I applied the SVC approach based on high dimensional data with the default setting (kernel type: radial) and got only one sole cluster as result. This suprised me a lot.

How to set the number of clusters for SVC? In this connection, is there a possibility to evaluate and validate the number of clusters of SVC by a performance operator within RapidMiner? 

Thanks in advance for your answers! 

Best regards!

Answers

  • Muhammed_Fatih_Muhammed_Fatih_ Member Posts: 93 Maven
    Is anybody here who can help in the described issue? 

    Best regards! 
  • sara20sara20 Member Posts: 110 Unicorn
    edited July 2020
    @Muhammed_Fatih_,

    Hello

    Please take a screen from the cluster. Did you try Auto Model for that?

    Thank you
    Sara
  • Muhammed_Fatih_Muhammed_Fatih_ Member Posts: 93 Maven
    Hello @sara20

    Auto model does not provide SVC as I know. 

    I applied the SVC operator on my high-dimensional database by considering the following parameter setting: minpts=10, gamma=0,005 and p=0,01. And I got the attached cluster: 


    So which parameter constellation is needed or rather would you propose for high dimensional data? I think this is the elemental question here. Or what do you think? 

    I thank you in advance for your feedback! 

    Best regards!
  • sara20sara20 Member Posts: 110 Unicorn
    edited July 2020
    @Muhammed_Fatih_

    Hello

    From my understanding you have 2 clusters, It shows that your data have very similar parts. So from your first text if you have 1 cluster they are very similar with each other but if you have 2 clusters like your screen, RM can divided you data in 2 parts. I think 2 cluster is better than 1. Also if you need to compare  clusters with 2 cluster that is possible. 
    Finally it depends on your work and your data.

    I hope this helps
    Sara
  • Telcontar120Telcontar120 Moderator, RapidMiner Certified Analyst, RapidMiner Certified Expert, Member Posts: 1,635 Unicorn
    There is no way to explicitly set the number of clusters in advance with SVC.  The point is to allow the algorithm to detect the correct number of clusters based on the underlying data.  You can play with the other ML parameters to see whether that changes the number of clusters found (it usually does).  As Sara noted, your results show two clusters now (java counting starts at zero so you have cluster 0 and cluster 1).
    If you need to specify the number of clusters in advance, you should try k-means.
    Brian T.
    Lindon Ventures 
    Data Science Consulting from Certified RapidMiner Experts
  • Muhammed_Fatih_Muhammed_Fatih_ Member Posts: 93 Maven
    Hello @sara20
    hello @Telcontar120

    thank you for your interesting feedback! Yes, it is correct that the SVC Clustering detects two clustering groups based on the default operator parameters.  
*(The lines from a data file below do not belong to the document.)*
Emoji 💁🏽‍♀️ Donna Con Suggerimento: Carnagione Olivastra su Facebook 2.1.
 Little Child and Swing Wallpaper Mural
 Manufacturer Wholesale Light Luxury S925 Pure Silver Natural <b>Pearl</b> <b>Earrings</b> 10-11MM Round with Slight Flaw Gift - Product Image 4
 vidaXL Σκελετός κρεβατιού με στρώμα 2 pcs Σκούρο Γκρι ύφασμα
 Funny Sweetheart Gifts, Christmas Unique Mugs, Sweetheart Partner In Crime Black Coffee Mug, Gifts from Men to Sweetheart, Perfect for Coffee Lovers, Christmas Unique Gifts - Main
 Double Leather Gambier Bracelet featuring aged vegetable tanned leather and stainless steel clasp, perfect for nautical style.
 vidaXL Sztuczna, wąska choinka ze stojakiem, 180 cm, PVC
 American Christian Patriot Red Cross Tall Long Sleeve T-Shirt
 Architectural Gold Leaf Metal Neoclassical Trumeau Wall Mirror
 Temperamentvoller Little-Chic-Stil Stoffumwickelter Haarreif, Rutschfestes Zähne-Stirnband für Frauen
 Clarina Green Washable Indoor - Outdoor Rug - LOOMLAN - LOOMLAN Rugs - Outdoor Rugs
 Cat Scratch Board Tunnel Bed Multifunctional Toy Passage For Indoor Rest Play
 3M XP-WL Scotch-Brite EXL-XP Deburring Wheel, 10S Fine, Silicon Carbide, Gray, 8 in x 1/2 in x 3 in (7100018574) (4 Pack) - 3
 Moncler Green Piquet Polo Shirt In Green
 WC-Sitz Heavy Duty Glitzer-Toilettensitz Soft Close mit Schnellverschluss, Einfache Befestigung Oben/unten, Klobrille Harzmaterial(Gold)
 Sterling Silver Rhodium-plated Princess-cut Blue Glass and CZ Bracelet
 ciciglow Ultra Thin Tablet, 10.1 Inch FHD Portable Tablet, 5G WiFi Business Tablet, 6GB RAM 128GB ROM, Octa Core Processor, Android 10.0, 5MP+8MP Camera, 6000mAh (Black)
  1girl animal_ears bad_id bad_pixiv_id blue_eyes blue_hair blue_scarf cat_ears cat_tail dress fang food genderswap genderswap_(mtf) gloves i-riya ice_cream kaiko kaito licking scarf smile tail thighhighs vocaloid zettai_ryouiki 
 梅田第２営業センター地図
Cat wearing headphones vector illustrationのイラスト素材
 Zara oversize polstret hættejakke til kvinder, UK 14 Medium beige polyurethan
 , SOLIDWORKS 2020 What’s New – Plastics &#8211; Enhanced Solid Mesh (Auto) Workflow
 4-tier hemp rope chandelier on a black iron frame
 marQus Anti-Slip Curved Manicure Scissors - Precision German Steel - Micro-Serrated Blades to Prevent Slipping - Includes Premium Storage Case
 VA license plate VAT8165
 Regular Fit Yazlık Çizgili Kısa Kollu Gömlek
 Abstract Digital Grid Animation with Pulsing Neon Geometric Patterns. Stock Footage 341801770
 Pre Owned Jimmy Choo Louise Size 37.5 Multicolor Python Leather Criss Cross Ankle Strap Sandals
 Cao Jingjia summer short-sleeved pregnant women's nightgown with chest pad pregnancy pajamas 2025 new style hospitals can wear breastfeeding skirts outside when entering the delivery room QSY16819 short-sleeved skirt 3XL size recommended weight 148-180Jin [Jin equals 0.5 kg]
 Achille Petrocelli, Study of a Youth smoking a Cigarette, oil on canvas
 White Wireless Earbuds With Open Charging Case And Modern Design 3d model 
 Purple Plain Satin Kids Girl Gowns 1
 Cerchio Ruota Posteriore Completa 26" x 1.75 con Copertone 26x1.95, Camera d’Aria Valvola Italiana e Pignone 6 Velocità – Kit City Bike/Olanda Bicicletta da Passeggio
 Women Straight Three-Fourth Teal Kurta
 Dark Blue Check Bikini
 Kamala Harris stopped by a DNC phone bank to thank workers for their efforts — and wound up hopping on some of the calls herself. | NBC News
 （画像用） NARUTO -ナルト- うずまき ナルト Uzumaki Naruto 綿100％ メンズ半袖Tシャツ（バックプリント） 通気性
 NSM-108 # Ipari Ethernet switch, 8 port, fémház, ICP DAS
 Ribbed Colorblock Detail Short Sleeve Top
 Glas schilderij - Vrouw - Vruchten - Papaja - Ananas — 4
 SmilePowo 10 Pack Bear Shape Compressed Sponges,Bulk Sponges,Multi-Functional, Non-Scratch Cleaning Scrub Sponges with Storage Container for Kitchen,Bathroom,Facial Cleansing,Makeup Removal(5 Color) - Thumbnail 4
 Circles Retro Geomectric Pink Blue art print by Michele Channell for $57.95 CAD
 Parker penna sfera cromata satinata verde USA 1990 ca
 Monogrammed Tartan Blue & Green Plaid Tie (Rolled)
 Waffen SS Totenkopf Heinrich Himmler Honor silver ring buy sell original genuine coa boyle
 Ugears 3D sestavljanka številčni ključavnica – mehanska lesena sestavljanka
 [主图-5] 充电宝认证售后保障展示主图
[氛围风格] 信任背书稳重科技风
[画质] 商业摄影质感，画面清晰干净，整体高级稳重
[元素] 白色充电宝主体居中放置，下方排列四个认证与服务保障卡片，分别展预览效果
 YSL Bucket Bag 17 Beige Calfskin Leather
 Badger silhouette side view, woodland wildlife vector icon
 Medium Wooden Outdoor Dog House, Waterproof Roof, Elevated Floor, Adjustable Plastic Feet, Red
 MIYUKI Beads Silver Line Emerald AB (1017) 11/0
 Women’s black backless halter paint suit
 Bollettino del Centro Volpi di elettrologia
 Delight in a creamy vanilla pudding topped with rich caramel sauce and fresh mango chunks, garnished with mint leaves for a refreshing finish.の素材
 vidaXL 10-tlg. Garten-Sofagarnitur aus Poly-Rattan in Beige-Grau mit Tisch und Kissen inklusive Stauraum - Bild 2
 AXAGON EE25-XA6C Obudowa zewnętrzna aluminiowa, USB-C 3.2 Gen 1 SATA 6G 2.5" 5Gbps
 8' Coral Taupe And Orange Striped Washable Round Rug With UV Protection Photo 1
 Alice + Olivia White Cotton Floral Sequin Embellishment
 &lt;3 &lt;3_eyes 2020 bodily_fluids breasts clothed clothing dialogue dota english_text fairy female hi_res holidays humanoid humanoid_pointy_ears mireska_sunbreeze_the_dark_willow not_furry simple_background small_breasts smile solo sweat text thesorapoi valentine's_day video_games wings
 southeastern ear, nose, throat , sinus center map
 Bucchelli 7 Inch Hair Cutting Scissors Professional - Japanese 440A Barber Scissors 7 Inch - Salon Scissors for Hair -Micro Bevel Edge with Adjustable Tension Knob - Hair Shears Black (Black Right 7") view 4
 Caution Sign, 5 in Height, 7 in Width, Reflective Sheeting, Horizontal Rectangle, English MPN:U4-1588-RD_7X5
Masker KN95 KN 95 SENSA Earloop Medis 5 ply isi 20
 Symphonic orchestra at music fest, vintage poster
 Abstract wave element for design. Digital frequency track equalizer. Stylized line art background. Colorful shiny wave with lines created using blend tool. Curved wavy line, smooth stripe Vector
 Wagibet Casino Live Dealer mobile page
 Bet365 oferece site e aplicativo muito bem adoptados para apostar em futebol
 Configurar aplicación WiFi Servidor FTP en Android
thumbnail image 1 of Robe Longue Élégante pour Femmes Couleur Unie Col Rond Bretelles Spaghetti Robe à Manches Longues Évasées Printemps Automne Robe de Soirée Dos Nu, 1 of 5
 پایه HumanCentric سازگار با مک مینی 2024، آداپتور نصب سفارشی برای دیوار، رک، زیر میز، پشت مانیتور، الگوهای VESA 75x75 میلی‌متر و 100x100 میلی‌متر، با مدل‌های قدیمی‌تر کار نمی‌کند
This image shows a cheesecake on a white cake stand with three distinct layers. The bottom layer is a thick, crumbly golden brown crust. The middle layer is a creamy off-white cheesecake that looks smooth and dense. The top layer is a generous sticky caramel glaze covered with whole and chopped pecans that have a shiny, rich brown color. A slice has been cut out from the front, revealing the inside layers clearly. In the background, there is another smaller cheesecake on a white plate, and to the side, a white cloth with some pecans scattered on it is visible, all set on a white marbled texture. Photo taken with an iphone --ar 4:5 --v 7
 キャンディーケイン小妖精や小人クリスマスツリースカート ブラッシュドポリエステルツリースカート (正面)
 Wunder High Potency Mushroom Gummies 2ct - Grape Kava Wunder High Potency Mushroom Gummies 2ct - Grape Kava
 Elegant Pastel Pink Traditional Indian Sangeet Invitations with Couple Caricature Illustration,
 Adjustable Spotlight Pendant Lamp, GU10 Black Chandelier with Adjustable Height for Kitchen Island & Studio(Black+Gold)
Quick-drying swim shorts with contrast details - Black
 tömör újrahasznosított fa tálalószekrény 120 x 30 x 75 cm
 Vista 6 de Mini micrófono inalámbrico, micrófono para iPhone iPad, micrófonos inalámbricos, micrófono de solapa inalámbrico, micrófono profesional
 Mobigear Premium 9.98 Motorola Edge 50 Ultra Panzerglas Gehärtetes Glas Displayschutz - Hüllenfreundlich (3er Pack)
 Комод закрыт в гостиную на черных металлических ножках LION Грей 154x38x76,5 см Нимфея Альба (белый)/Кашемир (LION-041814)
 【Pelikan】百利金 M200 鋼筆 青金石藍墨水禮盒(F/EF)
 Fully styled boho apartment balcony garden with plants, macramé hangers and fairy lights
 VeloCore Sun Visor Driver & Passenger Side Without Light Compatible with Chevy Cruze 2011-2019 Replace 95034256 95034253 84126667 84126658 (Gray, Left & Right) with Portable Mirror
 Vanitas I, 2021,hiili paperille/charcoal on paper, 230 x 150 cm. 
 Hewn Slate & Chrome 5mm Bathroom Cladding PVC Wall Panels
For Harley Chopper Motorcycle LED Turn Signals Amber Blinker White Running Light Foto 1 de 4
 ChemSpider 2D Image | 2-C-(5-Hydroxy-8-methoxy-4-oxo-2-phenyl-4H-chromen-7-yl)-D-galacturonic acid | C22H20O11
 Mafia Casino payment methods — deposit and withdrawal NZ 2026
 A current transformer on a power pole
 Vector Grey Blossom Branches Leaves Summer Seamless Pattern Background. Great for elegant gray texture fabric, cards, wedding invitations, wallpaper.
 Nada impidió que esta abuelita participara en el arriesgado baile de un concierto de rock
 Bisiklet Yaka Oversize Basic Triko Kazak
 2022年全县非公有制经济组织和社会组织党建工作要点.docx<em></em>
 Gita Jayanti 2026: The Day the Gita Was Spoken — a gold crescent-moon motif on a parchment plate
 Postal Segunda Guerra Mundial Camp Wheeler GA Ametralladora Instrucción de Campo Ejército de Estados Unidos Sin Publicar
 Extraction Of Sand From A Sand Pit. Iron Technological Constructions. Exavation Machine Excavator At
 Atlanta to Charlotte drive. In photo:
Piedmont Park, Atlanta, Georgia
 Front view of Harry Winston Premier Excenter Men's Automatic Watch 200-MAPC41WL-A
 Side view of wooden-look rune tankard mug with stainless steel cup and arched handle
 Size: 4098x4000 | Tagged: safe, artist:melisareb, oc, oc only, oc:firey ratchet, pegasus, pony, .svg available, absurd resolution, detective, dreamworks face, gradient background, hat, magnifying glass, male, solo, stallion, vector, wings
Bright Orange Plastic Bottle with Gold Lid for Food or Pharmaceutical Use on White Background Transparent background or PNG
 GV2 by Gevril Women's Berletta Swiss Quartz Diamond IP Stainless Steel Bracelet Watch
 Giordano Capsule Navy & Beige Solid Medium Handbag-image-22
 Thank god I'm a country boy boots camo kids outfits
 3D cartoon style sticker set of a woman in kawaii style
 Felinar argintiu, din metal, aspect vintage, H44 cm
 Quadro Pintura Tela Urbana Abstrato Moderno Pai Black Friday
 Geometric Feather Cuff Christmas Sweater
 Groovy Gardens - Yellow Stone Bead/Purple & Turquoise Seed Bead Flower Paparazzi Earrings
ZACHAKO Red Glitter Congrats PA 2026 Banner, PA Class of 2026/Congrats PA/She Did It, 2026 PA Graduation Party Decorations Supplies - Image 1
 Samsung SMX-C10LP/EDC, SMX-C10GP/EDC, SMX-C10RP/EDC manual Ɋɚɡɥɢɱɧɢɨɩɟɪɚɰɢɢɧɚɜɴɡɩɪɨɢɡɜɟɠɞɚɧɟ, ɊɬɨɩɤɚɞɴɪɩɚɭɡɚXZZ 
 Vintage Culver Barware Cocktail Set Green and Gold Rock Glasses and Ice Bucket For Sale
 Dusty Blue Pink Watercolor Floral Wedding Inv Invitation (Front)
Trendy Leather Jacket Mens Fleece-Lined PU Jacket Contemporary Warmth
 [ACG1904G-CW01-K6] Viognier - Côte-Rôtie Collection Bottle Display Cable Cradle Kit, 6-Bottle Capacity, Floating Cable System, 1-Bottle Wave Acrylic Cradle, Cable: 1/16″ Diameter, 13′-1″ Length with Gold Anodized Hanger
    The statement of @Telcontar120 is especially the one I am interested in: 

    "You can play with the other ML parameters to see whether that changes the number of clusters found (it usually does)."

    According to which criteria should these parameter settings be changed? Is it the number of input data which is considered for the clustering process? Which parameters should be changed and in which extent should they be modified? So the question targets more what the parameters do in detail. 

    I hope this clarification helped to underline the focus of my question. I thank you in advance for your answers! 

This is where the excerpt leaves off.